* Supplied data:
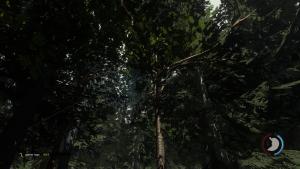 the-forest-screenshot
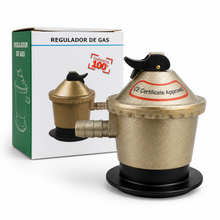 Regulador de Gas Estándar para Uso Doméstico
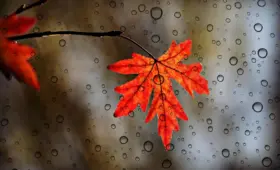 Tips for Erklæring i Krydsord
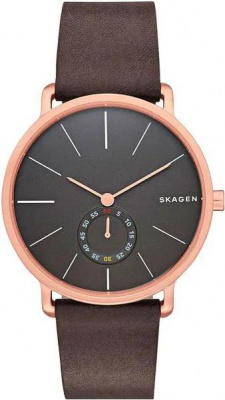 Skagen SKW6213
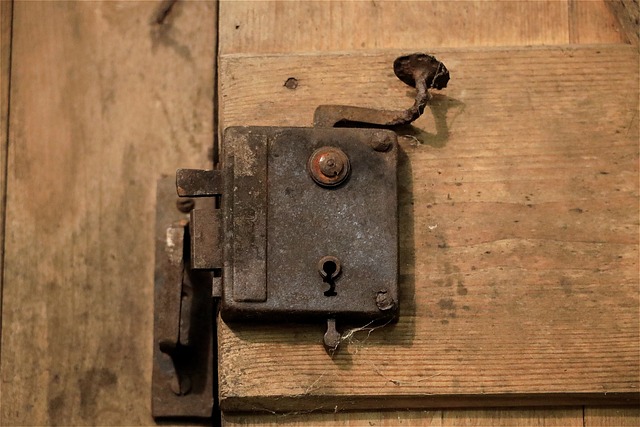 Smartes elektronisches Türschloss mit Fingerabdruck-Scanner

* How to complete this task:
In the answer, the entries must appear exactly as above, without the images.

* Exercise answer:
 the-forest-screenshot
 Regulador de Gas Estándar para Uso Doméstico
 Tips for Erklæring i Krydsord
 Skagen SKW6213
 Smartes elektronisches Türschloss mit Fingerabdruck-Scanner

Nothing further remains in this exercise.